Another lunch time walk in the Auckland Domain; although I left my sandwiches in the office and just walked this time. I did think about the sculpture from last week, but was more pleased with a photo of the tumbling small waterfall beside Lovers Walk, one of the paths through bush down to the bottom of Grafton gulley. (see extra)

Also, as I was walking back I saw some activity beside the duckpond. I was rather a long distance away when a muscovy duck was chased into the duck pond by a visitor to the Auckland Domain. It was not apparent why she and her younger male relative were chasing every bird on the board walk into the duckpond. 

It was clearly not a greylag goose, although of a similar size, and even more definitely not a black swan. The absence of the identifying bright red caruncles at the base of the bill, delayed my recognition until I got home and looked more closely. That also indicates that it is a young muscovy duck, as is its companion (not shown).

Muscovy ducks are described as: large, goose-like ducks with highly variable plumage. Although most New Zealand birds are either plain white or pied, black males are not uncommon.
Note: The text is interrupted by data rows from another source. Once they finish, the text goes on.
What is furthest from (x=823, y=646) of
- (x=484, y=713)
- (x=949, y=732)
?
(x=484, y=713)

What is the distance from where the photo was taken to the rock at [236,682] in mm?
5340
The wild population is relatively tame, as they have either recently escaped captivity, or been deliberately released. Because of this, they often depend on humans for hand outs of food, although (like geese) they also graze on grass by the ponds.

Muscovy ducks can hybridise with mallards, and the hybrids are highly variable in plumage having features of both parent species. They are not considered established in the wild in New Zealand, and are sparsely distributed throughout the mainland on lakes, ponds, slow-flowing streams, and adjacent pasture close to human habitation. This one and its fellow, were by (and then in) the duckpond, and well away from the tumbling waterfall of the extra.